Documentation/submitting-patches: Add blurb about backtraces in commit messages
diff mbox series

Message ID 20201222130555.GA13463@zn.tnic
State New, archived
Headers show
Series
  • Documentation/submitting-patches: Add blurb about backtraces in commit messages
Related show

Commit Message

Borislav Petkov Dec. 22, 2020, 1:05 p.m. UTC
On Mon, Dec 21, 2020 at 09:54:25AM -0700, Jonathan Corbet wrote:
> Given that there was indeed a lack of bikeshedding, I just went ahead
> and applied this to docs-next; will ship it Linusward in the near
> future.

Cool.

Although I betcha that is because of the impending holiday season. I
think I should just use that moment to sneak in more stuff stealthily
and when everyone awakes from their drunken and food stupor, it'll all
be there!

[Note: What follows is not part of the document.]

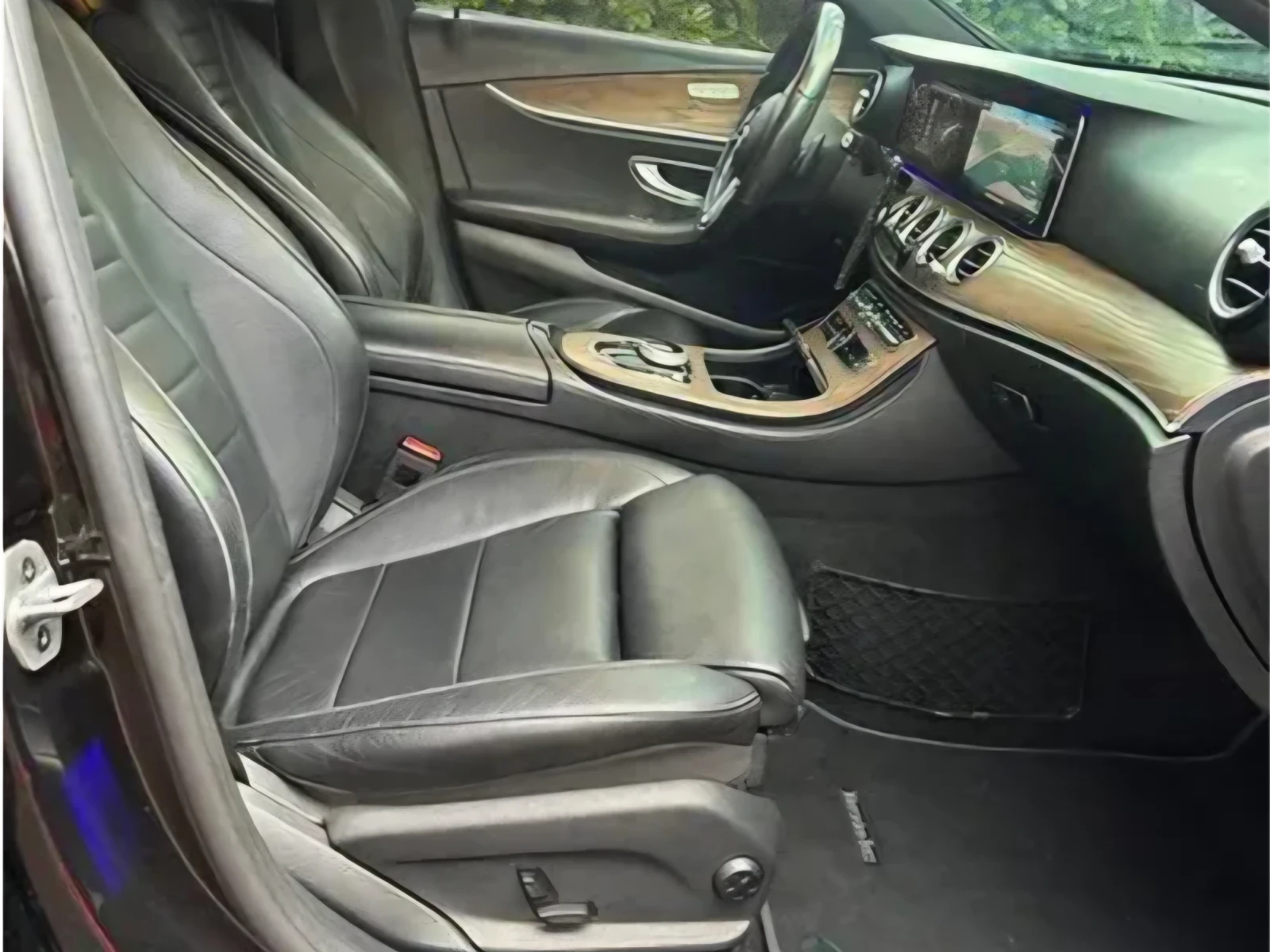 Mercedes-Benz E 220 Digital cockpit* Sport line* , снимка 10 - Автомобили и джипове - 56131968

Tadaa!

:-)))

Ok, here's the next one which I think, is also, not really controversial.

Thx.

---
From: Borislav Petkov <bp@suse.de>
Date: Tue, 22 Dec 2020 13:58:22 +0100

Document that backtraces in commit messages should be trimmed down to
the useful information only.

This has been carved out from a tip subsystem handbook patchset by
Thomas Gleixner:

  https://lkml.kernel.org/r/20181107171010.421878737@linutronix.de

and incorporates follow-on comments.

Signed-off-by: Borislav Petkov <bp@suse.de>
---
 Documentation/process/submitting-patches.rst | 20 ++++++++++++++++++++
 1 file changed, 20 insertions(+)

Comments

Sean Christopherson Dec. 22, 2020, 6:59 p.m. UTC | #1
On Tue, Dec 22, 2020, Borislav Petkov wrote:
> Ok, here's the next one which I think, is also, not really controversial.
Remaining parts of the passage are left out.